The problem: Take the entries below and give them back exactly. Leave out nothing.
= Beginning of Section =
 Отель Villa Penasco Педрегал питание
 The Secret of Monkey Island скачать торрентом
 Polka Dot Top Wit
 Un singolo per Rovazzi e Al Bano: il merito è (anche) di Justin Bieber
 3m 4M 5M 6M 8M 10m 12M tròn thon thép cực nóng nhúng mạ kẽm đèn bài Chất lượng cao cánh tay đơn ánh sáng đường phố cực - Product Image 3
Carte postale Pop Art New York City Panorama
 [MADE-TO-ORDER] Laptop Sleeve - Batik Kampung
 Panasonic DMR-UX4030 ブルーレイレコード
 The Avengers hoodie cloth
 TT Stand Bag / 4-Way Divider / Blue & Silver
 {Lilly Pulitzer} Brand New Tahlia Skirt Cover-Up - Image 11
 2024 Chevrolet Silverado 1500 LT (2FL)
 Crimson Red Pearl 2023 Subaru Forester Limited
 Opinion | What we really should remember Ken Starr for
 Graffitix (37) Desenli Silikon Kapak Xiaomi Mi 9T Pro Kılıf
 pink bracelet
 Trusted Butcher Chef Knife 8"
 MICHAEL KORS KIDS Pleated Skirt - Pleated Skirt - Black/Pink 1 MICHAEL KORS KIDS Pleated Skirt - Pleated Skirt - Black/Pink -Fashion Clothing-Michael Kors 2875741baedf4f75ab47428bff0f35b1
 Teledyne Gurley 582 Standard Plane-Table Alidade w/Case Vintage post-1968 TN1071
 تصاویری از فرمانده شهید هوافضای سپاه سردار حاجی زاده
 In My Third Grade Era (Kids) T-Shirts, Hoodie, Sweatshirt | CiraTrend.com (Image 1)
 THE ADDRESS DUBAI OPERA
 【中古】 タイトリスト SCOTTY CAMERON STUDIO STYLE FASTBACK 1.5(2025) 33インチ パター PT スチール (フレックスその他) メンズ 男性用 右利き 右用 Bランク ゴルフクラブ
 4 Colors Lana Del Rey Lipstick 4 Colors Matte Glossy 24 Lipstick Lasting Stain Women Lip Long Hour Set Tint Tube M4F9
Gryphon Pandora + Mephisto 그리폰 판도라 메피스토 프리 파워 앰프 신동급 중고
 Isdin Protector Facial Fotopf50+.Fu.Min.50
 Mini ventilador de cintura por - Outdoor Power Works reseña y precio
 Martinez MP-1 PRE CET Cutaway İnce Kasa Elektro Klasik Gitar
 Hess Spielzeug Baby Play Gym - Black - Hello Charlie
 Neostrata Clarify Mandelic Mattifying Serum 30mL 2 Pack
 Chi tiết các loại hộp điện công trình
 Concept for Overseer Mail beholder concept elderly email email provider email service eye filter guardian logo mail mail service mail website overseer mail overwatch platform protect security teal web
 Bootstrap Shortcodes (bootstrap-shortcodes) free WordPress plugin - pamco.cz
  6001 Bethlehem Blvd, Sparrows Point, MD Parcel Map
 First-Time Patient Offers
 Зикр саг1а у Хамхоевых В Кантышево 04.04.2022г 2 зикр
= End of Section =
Answer to this exercise:
 Отель Villa Penasco Педрегал питание
 The Secret of Monkey Island скачать торрентом
 Polka Dot Top Wit
 Un singolo per Rovazzi e Al Bano: il merito è (anche) di Justin Bieber
 3m 4M 5M 6M 8M 10m 12M tròn thon thép cực nóng nhúng mạ kẽm đèn bài Chất lượng cao cánh tay đơn ánh sáng đường phố cực - Product Image 3
Carte postale Pop Art New York City Panorama
 [MADE-TO-ORDER] Laptop Sleeve - Batik Kampung
 Panasonic DMR-UX4030 ブルーレイレコード
 The Avengers hoodie cloth
 TT Stand Bag / 4-Way Divider / Blue & Silver
 {Lilly Pulitzer} Brand New Tahlia Skirt Cover-Up - Image 11
 2024 Chevrolet Silverado 1500 LT (2FL)
 Crimson Red Pearl 2023 Subaru Forester Limited
 Opinion | What we really should remember Ken Starr for
 Graffitix (37) Desenli Silikon Kapak Xiaomi Mi 9T Pro Kılıf
 pink bracelet
 Trusted Butcher Chef Knife 8"
 MICHAEL KORS KIDS Pleated Skirt - Pleated Skirt - Black/Pink 1 MICHAEL KORS KIDS Pleated Skirt - Pleated Skirt - Black/Pink -Fashion Clothing-Michael Kors 2875741baedf4f75ab47428bff0f35b1
 Teledyne Gurley 582 Standard Plane-Table Alidade w/Case Vintage post-1968 TN1071
 تصاویری از فرمانده شهید هوافضای سپاه سردار حاجی زاده
 In My Third Grade Era (Kids) T-Shirts, Hoodie, Sweatshirt | CiraTrend.com (Image 1)
 THE ADDRESS DUBAI OPERA
 【中古】 タイトリスト SCOTTY CAMERON STUDIO STYLE FASTBACK 1.5(2025) 33インチ パター PT スチール (フレックスその他) メンズ 男性用 右利き 右用 Bランク ゴルフクラブ
 4 Colors Lana Del Rey Lipstick 4 Colors Matte Glossy 24 Lipstick Lasting Stain Women Lip Long Hour Set Tint Tube M4F9
Gryphon Pandora + Mephisto 그리폰 판도라 메피스토 프리 파워 앰프 신동급 중고
 Isdin Protector Facial Fotopf50+.Fu.Min.50
 Mini ventilador de cintura por - Outdoor Power Works reseña y precio
 Martinez MP-1 PRE CET Cutaway İnce Kasa Elektro Klasik Gitar
 Hess Spielzeug Baby Play Gym - Black - Hello Charlie
 Neostrata Clarify Mandelic Mattifying Serum 30mL 2 Pack
 Chi tiết các loại hộp điện công trình
 Concept for Overseer Mail beholder concept elderly email email provider email service eye filter guardian logo mail mail service mail website overseer mail overwatch platform protect security teal web
 Bootstrap Shortcodes (bootstrap-shortcodes) free WordPress plugin - pamco.cz
  6001 Bethlehem Blvd, Sparrows Point, MD Parcel Map
 First-Time Patient Offers
 Зикр саг1а у Хамхоевых В Кантышево 04.04.2022г 2 зикр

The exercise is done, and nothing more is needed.